The Day asked some people prominent in Ukraine to express their opinions
Yuri MAZHUHA, People’s Artist of the USSR:
“I view with calm the turmoil over the replacement of old symbols on the Verkhovna Rada building. Indeed, we live in a different country and need our own insignia of statehood. Still, we have mountains of urgent problems that need to be solved as top priorities. But for the most part our Deputies merely feign feverish activity. What the people expect from them is not the escapades of Right and Left but specific laws to improve the life of this country as a whole. I am certain that Ukraine’s ordinary citizen is more worried about paying off wage, salary, and pension arrears and changes in the tax laws than what symbols adorn Parliament’s facade. I once saw in the press the figures for what the replacement of totalitarian symbols will cost us, about 120,000 hryvnias. It seems to me an unaffordable luxury to spend that much money today. I belong to no party or movement and do not accept extreme methods. So the Communist pickets outside Verkhovna Rada ‘to avert vandalism’ and the initiative of the Rukh work group ‘to come with hammers in hand and strike the hammers and sickles off the facade’ do neither side credit. We have already passed the historical period when old things were razed to the ground. We seem to have learned nothing. The Deputies must have forgotten in the frenzy of patriotism that no Great Seal of Ukraine has been approved since 1996. Only versions are discussed. The trident printed today on official decorations, money and seals is referred to in the Constitutions as only the small seal. I think that first the relevant decision should be made and only then should they ‘repair’ the Verkhovna Rada facade.”
Les TANIUK, Chairman, Committee for Culture and Spirituality, Verkhovna Rada:
“It was my project to remove communist symbols from the Verkhovna Rada building. The committee I have headed for many years has repeatedly initiated this point, and now the matter seems to have been set in motion. We have to remove these symbols. It is the purpose of symbols to symbolize the condition of the state and society. Could you imagine for a second the following situation: the Germans wake up and see the statues of Hitler, GЪring, etc., on the central squares of their cities. They would immediately decide that those horrible old times were back.

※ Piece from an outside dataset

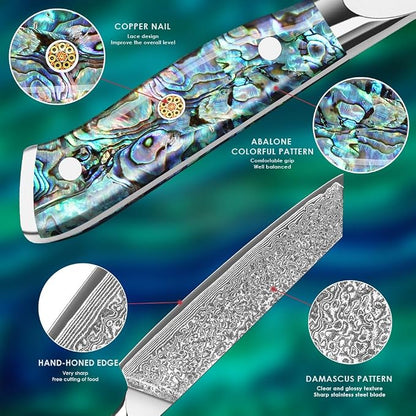 Home Safety Damascus Kiritsuke Knife with Sharp 20cm Blade Made of 67 Layers of VG-10 Damascus Steel Kitchen Knifves Damascus Carving Knife, Abalone Shell Handle, Gift Box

There have been hundreds of publications confirming what kind of things the Party did under all these sickles, hammers, and stars. It is considered normal in this country, for some reason, that, contrary to the relevant presidential decree, there are still 8,000 idols of Ulianov-Lenin in Ukraine’s cities. And it is the fact that the Parliament walls still bear this stigma of the past that kept the President from taking his oath on the Bible. In general, let us call a spade a spade: we are still surrounded by the symbols of a fascist antihuman state. The replacement of symbols is of paramount importance. Freedom under the old names is impossible.
Serhiy MASLOBOISHCHYKOV, artist and film director:
“My attitude toward this is simple. It is not worth changing things wherever there is a piece of art. In fact, Kyiv has no buildings where this style would be a piece of art. For example, the Ukrainian SSR emblem on the former Party Central Committee building next to St. Michael’s Cathedral was in line with the building’s overall monumental Stalinist style, and so it was self-sufficient. Then it was removed and replaced by a gigantic trident. This was done in a completely tasteless and dilettantish way, resulting in God knows what. I repeat, my attitude is absolutely esthetic. If the new symbols do not impair the building’s general view, they are acceptable. The point is that the buildings themselves, built in the communist epoch, are usually crude, uninteresting, and architecturally bland, and I feel no pity if something is changed with them; but we should not do this if the change breaks the architectural concept.”